Living The Dream | Is This for Me?
Programmed to Succeed
From high school days in his native Ethiopia on, Amanuel Tekleab yearned to become a professor. Spurred by parents who lacked formal schooling but placed great value on education, he set out after his dream. The path led to seven years of teaching business in his homeland, and then to the United States, where he entered the MBA program at Clemson University.
Midway through it, he learned that an MBA is not required for a doctoral degree in business. He swiftly enrolled as a Ph.D. student at the University of Maryland. But despite nearly a decade in academe, Dr. Tekleab quickly realized he faced an obstacle—the perception of some others that, as an international student, he wasn’t “good enough.” “I had to prove to a few faculty that I could do it, that I was equal at the least to the others,” he recalls. “And I had to prove to myself that I could do research and complete a doctoral program.”
To establish himself firmly, Dr. Tekleab set out a three- part strategy. He programmed himself to succeed by programming his time carefully and intricately. He found a mentor. And he worked very hard.
“I would work every day from 6 a.m. until midnight, and at the start of each semester, I would program my entire week by the hour,” he explains.
“I would start with my class schedule, and then schedule in every hour—for research, writing, reading, and team projects. When I woke up in the morning, I knew exactly what I was going to do.”
Dr.

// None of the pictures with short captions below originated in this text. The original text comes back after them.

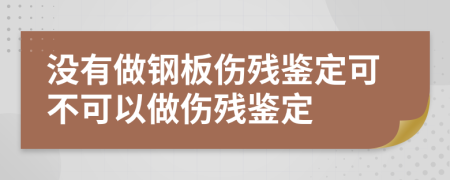 沒有做鋼板傷殘鑒定可不可以做傷殘鑒定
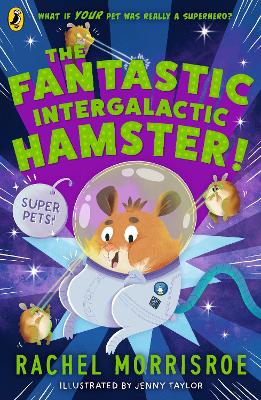 THE FANTASTIC INTERGALACTIC HAMSTER! PB - RACHEL MORRISROE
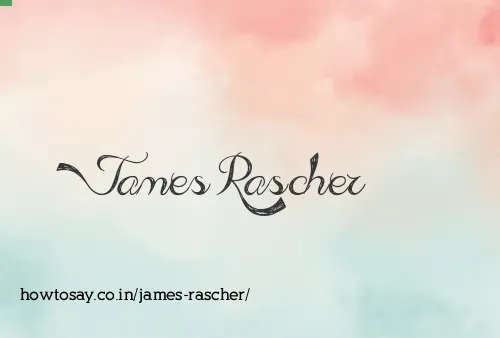 James Rascher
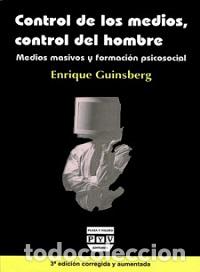 Libros: CONTROL DE LOS MEDIOS CONTROL DEL HOMBRE - GUINSBERG, ENRIQUE, - Foto 1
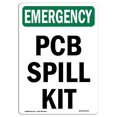 thumbnail image 1 of SignMission OS-EM-A-1218-V-10519 12 x 18 in. OSHA Emergency Sign - Pcb Spill Kit, 1 of 1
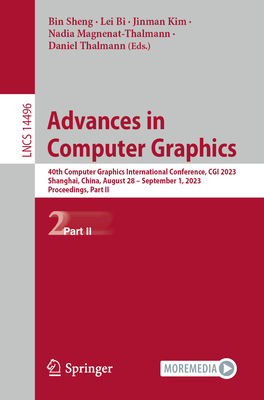 Advances in Computer Graphics: 40th Computer Graphics International Conference, CGI 2023, Shanghai, China, August 28-September 1, 2023, Proceedings, Part II - Sheng, Bin (Editor), and Bi, Lei (Editor), and Kim, Jinman (Editor)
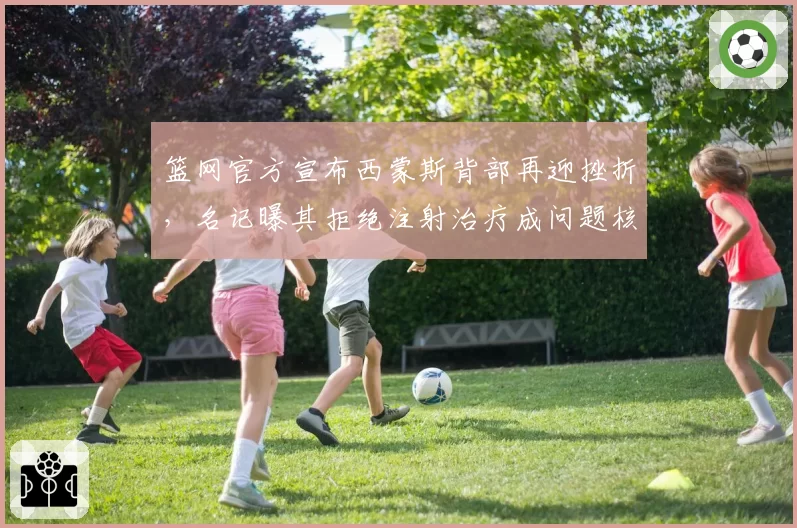 篮网官方宣布西蒙斯背部再迎挫折，名记曝其拒绝注射治疗成问题核心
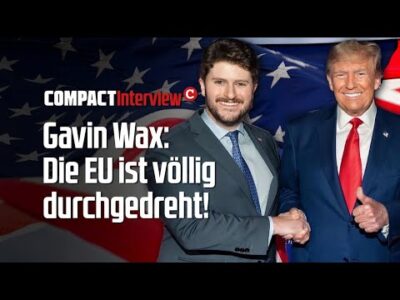 Mehr über den Artikel erfahren Gavin Wax: «Die EU ist völlig durchgedreht!»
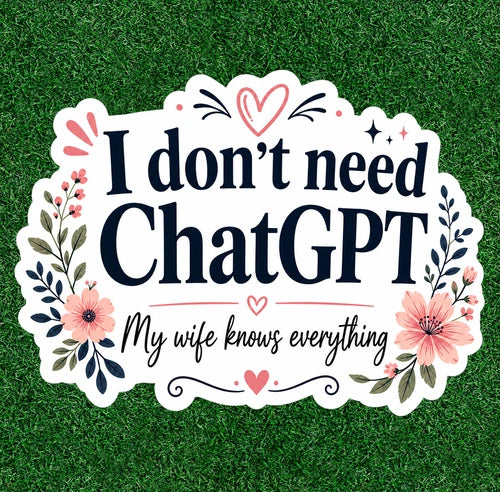 I Don't Need ChatGpt - My wife knows everything waterproof vinyl sticker decal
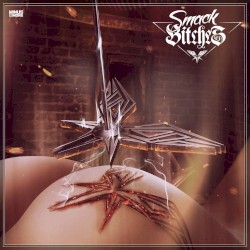 Smack Bitches EP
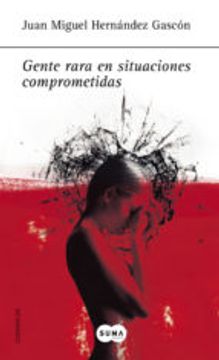 Gente Rara En Situaciones Comprometidas (sin Asignar)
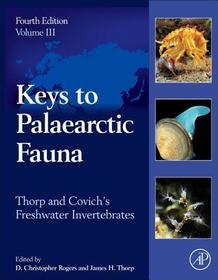 Thorp and Covich's Freshwater Invertebrates: Volume 4: Keys to Palaearctic Fauna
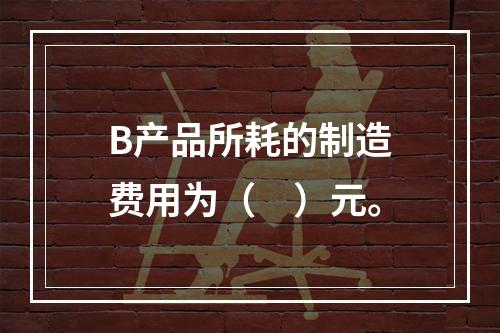 B产品所耗的制造费用为（　）元。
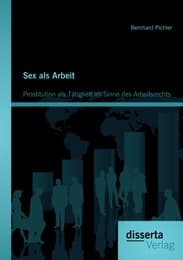 Cover von Sex als Arbeit: Prostitution als Tätigkeit im Sinne des Arbeitsrechts
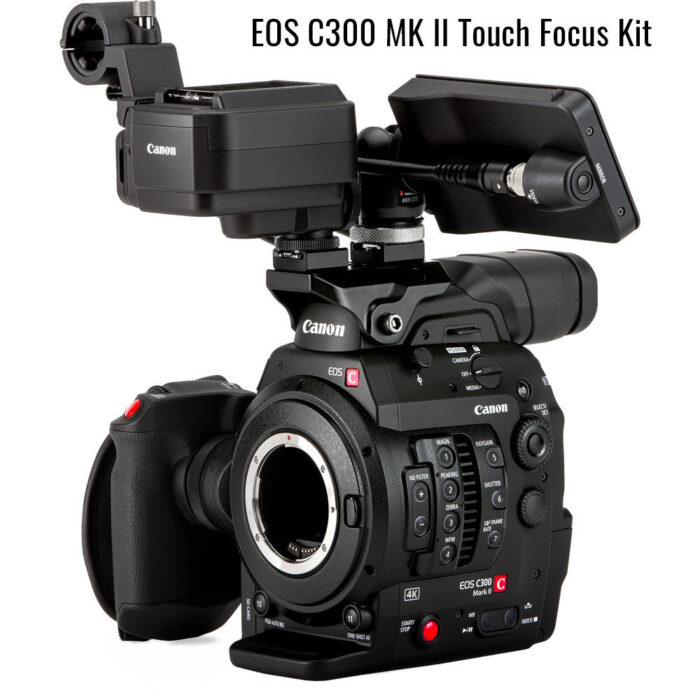 EOS C300 MK II Touch Focus Kit EOS C300 MK II Touch Focus Kit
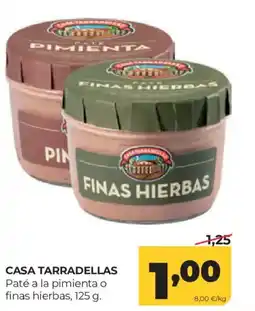 Alimerka CASA TARRADELLAS Paté a la pimienta o finas hierbas oferta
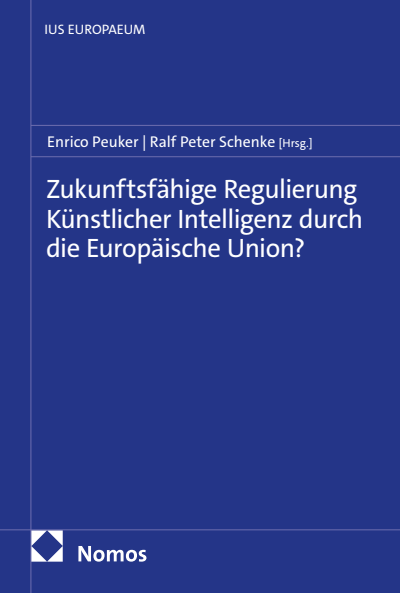Cover of book: Zukunftsfähige Regulierung Künstlicher Intelligenz durch die Europäische Union?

Tekleab wisely fit in time to start working with his department chair, Susan Taylor, who soon became his mentor. “I owe her a lot; she is almost like my mother,” says Dr. Tekleab.
Dr. Tekleab has been published in the Journal of Organizational Behavior, and his first paper as a doctoral student won honors from the Academy of Management. But the most rewarding aspect of his new career, having learned “that people believed in me,” is to believe in his students.
“I got all the support I needed when I was studying, whether for a research problem or a personal problem, and I am happy to transport this to my own students. There is nothing like seeing them gain something from what you teach, and then to see them graduate.”
The dream continues…
Hard work continues to pay off for Dr. Tekleab, now a full professor with tenure at Wayne State University in Michigan. He won a university-wide research award for junior faculty, carrying a research grant from his university for 2007-08. He has had nine articles and a book chapter published, with an equal number in the pipeline, and presented or co- presented at two dozen conferences. He served on a doctoral dissertation committee in 2008. He serves on his school’s research committee and Ph. D. program advisory committee.